A Wharton study on the best ways to boost workout habits

In a new megastudy, lead author Katy Milkman, along with Angela Duckworth, partnered with 24 Hour Fitness to create a 28-day workout rewards program that tested inexpensive, scalable, science-based interventions for building exercise habits among more than 60,000 of its millions of members.

The study, published in the journal Nature, sought to solve motivational problems most people face when it comes to visiting the gym regularly. The megastudy approach to research is a new take on behavioral science, seeking a better way to compel gym attendance by testing many hypotheses at once.

The research tested 53 programs over four weeks at 24 Hour Fitness gyms, where participants’ entries into the gym were recorded. The simplest form of the program encouraged participants to plan their workouts ahead of time, reminded them with a text message 30 minutes before they were scheduled to work out, and offered them points convertible for small cash rewards redeemable on Amazon (these were worth about $0.22 per gym visit, so the researchers call them “micro-incentives.”)

“We’re incredibly excited about the potential of this new way of identifying promising strategies to promote behavior change,” says Milkman, the James G. Dinan Professor at the Wharton School and co-director of the Behavior Change for Good Initiative at Penn, which has pioneered the megastudy approach to behavioral science.

One of the key finding from the study is that 45% of these interventions—ranging from text reminders to weekly emails—significantly increased weekly gym visits by 9-27%.

“Lots of things worked, and our programs were also extremely cheap,” Milkman says. “Most programs tested could be deployed at scale for roughly $0.75 per person per month.” 

The top performing intervention sent gym members who missed a scheduled workout 125 bonus points (or $0.09) on top of their usual micro-incentives if they made it back to the gym for their next planned workout. This led to a 27% boost in gym visits.

“We think this finding is really interesting,” Milkman explains. “It suggests how important it is to avoid having a series of missteps when you’re pursuing a goal. We’ll all slip up from time-to-time, but this simple intervention that discouraged people from letting a single miss accumulate into a streak of failures helped people quite a lot.” 

Another top-performing incentive informed gym members that most Americans are exercising, and that exercise is trending up resulted in a 24% boost in visits.

“The trending norms intervention was developed by our collaborator Robert Cialdini—a brilliant psychologist who has long studied the power of norms to shape behavior,” says Duckworth, the Rosa Lee and Egbert Chang Professor in the School of Arts & Sciences and Wharton who co-directs the Behavior Change for Good Initiative at Penn with Milkman. “The contribution here is that learning that exercise is increasingly popular motivated people to visit the gym more often.”

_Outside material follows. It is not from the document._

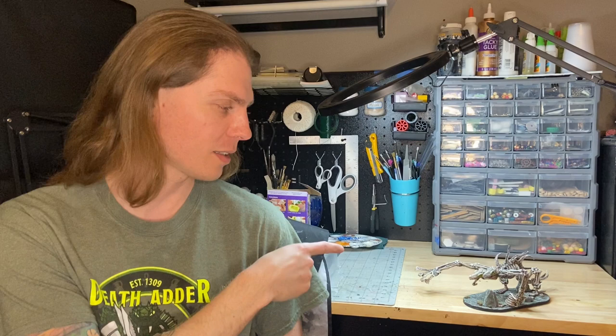Hey there everybody, welcome to Tuk Tuk Trinkets and Terrain. My name is David and for this video I decided to dip into my skeletons and skulls from a bits box and make a monster. I ended up with this guy beside me. I think he turned out sufficiently creepy so I'm pretty pleased with that, but I'm going to show you what I did and how I did it and I hope you enjoy.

The megastudy model allows scientists to compare dozens of different behaviors’ change interventions, which can accelerate the development and testing of new insights about human behavior.

The study has helpful insights for those hoping to build exercise into more of their daily lives, but its impact stretches beyond that, according to the researchers.

“We’re really doing two things in this work,” Milkman says. “The first is introducing a new methodology for accelerating the generation of rigorously tested behavioral science insights. The second is learning more about what techniques can be used to encourage physical activity and more generally motivate the pursuit of effortful goals.”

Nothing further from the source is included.